As an initial matter, Defendants are correct that the PERB ruled that Plaintiff's termination did not result from political discrimination prohibited by 3 V.I.C. § 531, finding that there was no evidence to link Plaintiff's political beliefs or opinions to her termination. ECF No. 50-2, PERB Opinion at 8. To bind parties to a subsequent action to the outcome of a prior judgment pursuant to the principle of res judicata, courts require that (1) the prior judgment was valid, final, and on the merits; (2) the parties in the subsequent action are identical to or in privity with the parties in the prior action; and (3) the claims in the subsequent action arise out of the same transaction or occurrence as the prior claims. Smith v. Turnbull, S. Ct. Civ. No. 2007-0104, 2010 WL 4962890, at *3 (V.I. 2010) (citing CoreStates Bank, N.A. v. Huls Am., Inc., 176 F.3d 187, 194 (3d Cir.1999)). Here, Plaintiff does not contest that the PERB decision is valid, final, and on the merits. In addition, the parties in the PERB action included both Plaintiff and one of the Defendants in this action, the Government of the Virgin Islands Department of Justice. Further, although Plaintiff's claim in this case arises under the First Amendment, and her claim before the PERB arose under a Virgin Islands anti-discrimination statute, both claims turn on whether Defendants terminated Plaintiff because of her political opinions or activities. Plaintiff had the opportunity to litigate these issues and cross-examine witnesses in a full hearing before the PERB. These facts lend some support to Defendants' argument that res judicata bars Plaintiff's First Amendment claim in this case, at least with respect to the DOJ.

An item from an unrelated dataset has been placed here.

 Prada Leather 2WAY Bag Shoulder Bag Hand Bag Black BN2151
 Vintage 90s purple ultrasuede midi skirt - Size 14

Defendant DeJongh was not a party to the PERB action. Although Governor DeJongh is likely in privity with the DOJ in his official capacity, there is authority that he is not in privity in his individual capacity. See, e.g., Smith, 2010 WL 4962890, at *3 ("An official-capacity suit is really just another way of suing the government. Therefore, a [government] official sued in his official capacity is generally in privity with the [government]. A government official sued in his personal capacity . . . presents a different case. . . . [C]ourts do not generally consider an official sued in his personal capacity as being in privity with the government.").

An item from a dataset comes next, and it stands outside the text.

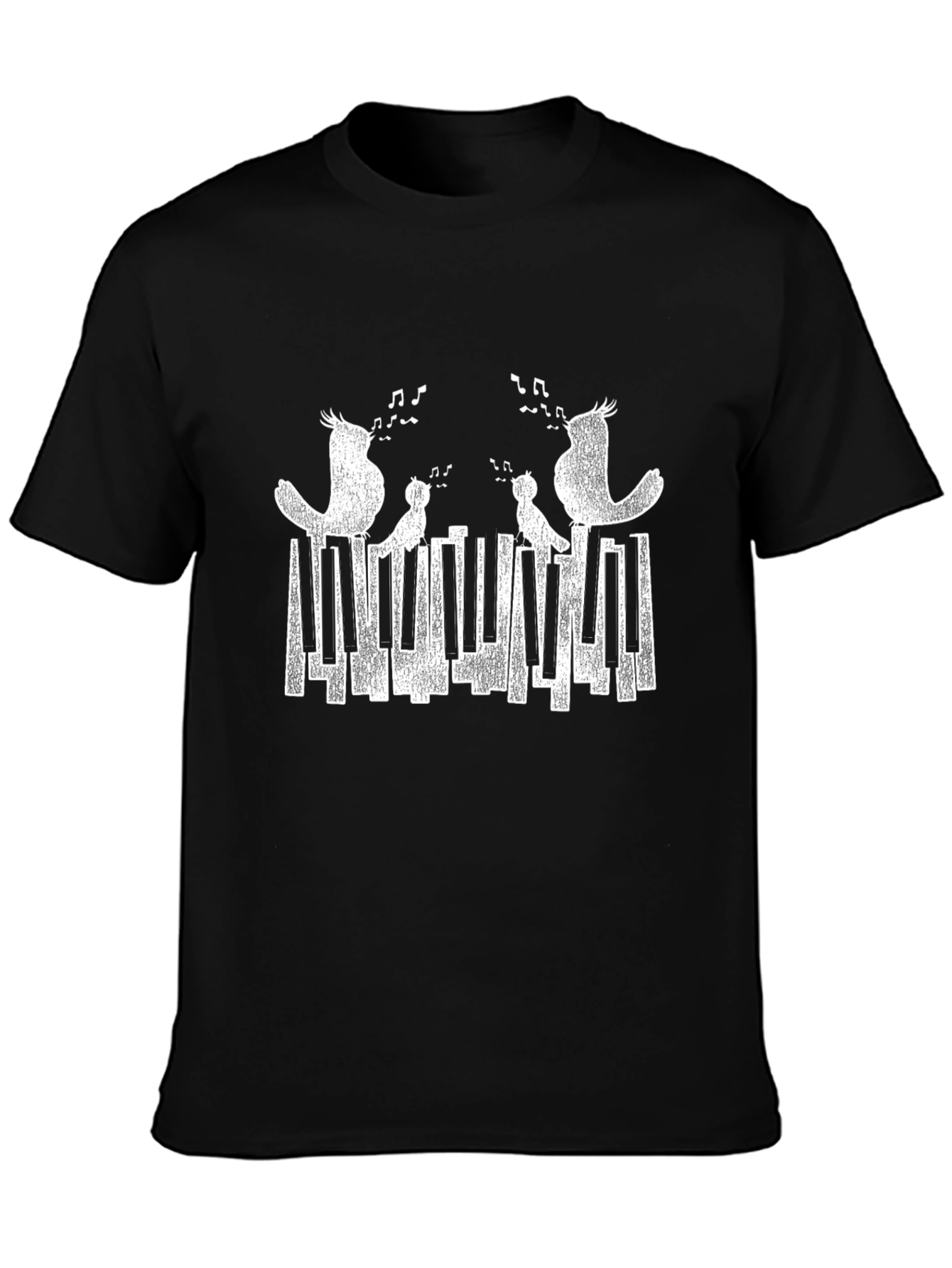 Musical Birds Piano Keys Graphic T-Shirt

Even if I am not bound by the PERB's decision, however, I agree that the record simply does not support Plaintiff's First Amendment claim in this case. To succeed on a discrimination claim based on political affiliation, a public employee must make a prima facie showing that "(1) that the employee works for a public employer in a position that does not require a political affiliation, (2) that the employee maintained a political affiliation, and (3) that the employee's political affiliation was a substantial or motivating factor in the adverse employment decision." Smith v. City of Allentown, 589 F.3d 684, 692 (3d. Cir. 2009) (quoting Hill v. Borough of Kutztown, 455 F.3d 225, 243 (3d Cir.2006)). Once the plaintiff establishes a prima facie case, the defendant may "avoid a finding of liability by proving by a preponderance of the evidence that the same employment action would have been taken even in the absence of the protected activity." Id. at 692-93.

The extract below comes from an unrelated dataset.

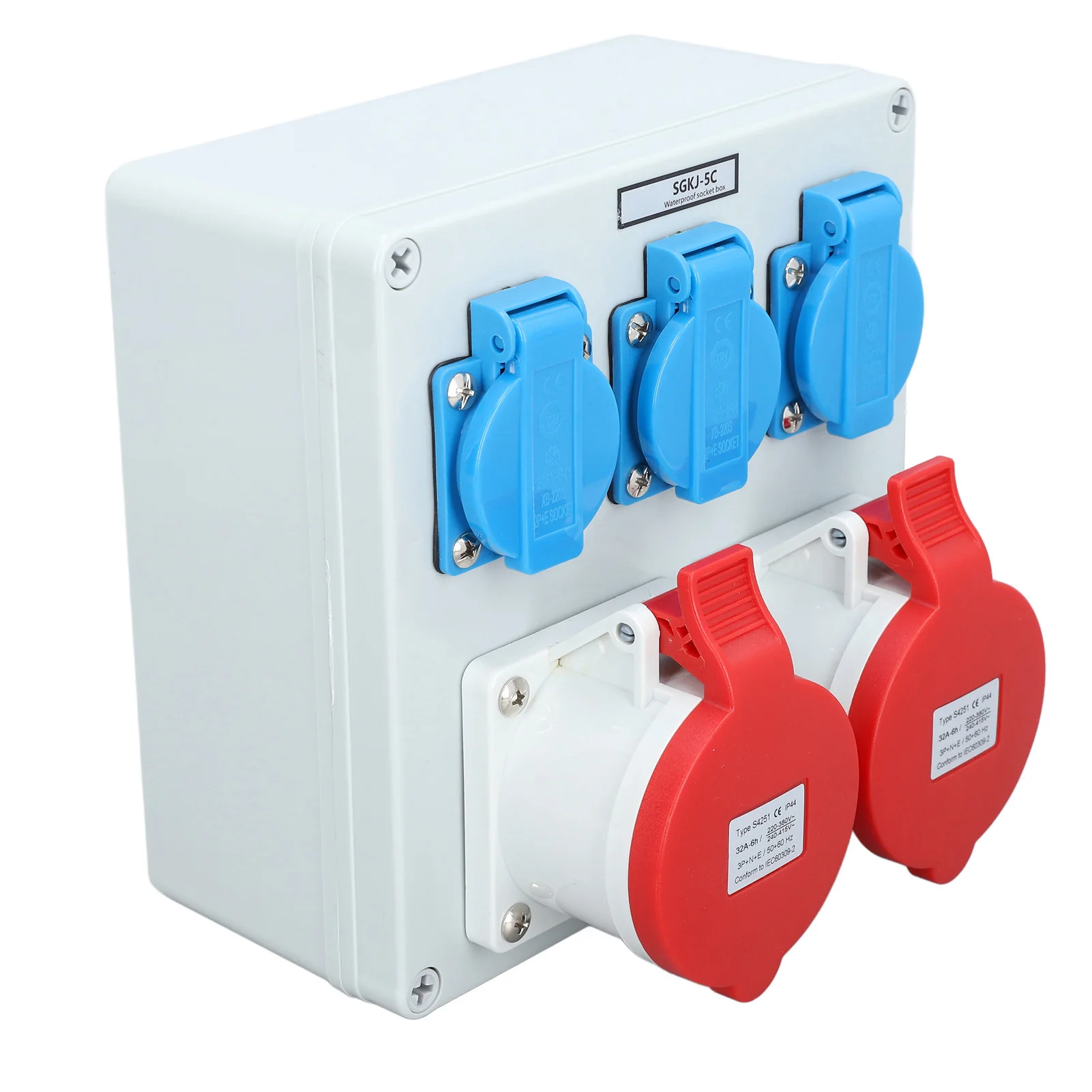 Электрическая розетка 3 шт. 16A 250V EU Outlet 2 32A 5-контактная CEE IP44 Водонепроницаемая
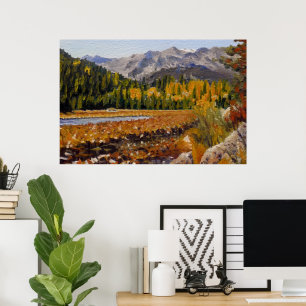 Póster Lago de montaña en el pintoresco Estes Park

Here, the evidence, even when viewed in the light most favorable to Plaintiff, simply does not support an inference that her political affiliation was a substantial or motivating factor in her termination. Indeed, Plaintiff's "evidence" in this regard amounts to little more than speculation or her own subjective belief. When asked about this issue at her deposition, Plaintiff testified as follows:

Q. Right. So you were just basically assuming that the reason for your dismissal was because of political, right?
A. No, I ain't assume that. It happened around the political time, political year. There was nothing in my record to show - show what occurred to me, and that's just how they were doing it. They were just giving a pink slip and people were going home, so I had to - no, no, it was nothing.
Q. But - but you cannot identify anyone other than your, if you will, subjective conclusion, right? I mean - I mean, there was nothing that anyone of a supervisory nature said to you that you're fired because of your quote, unquote, "politics"?
A. They didn't have to say, I know. I know in my heart that's what it was, and I still feel that.
Pl.'s Dep. (ECF No. 57), at 34; see also id. at 32. It is well-established that such subjective "feelings" and speculation are insufficient to support a first amendment political affiliation discrimination claim. See, e.g., Smith, 589 F.3d at 684 (affirming grant of summary judgment where Plaintiff's evidence based on speculation and subjective belief); McKeever v. Twp. of Washington, Civ. No. 09-1175, 2011 WL 53178, at * (D.N.J. Jan. 7, 2011) ("In the Third Circuit, mere speculation and conjecture cannot form the basis of an actionable claim of political discrimination.") (citing Contini v. Cranmer, 117 Fed. App'x 186, 190 (3d Cir.2004)), aff'd, 2012 WL 1023056 (3d Cir. Mar. 28, 2012).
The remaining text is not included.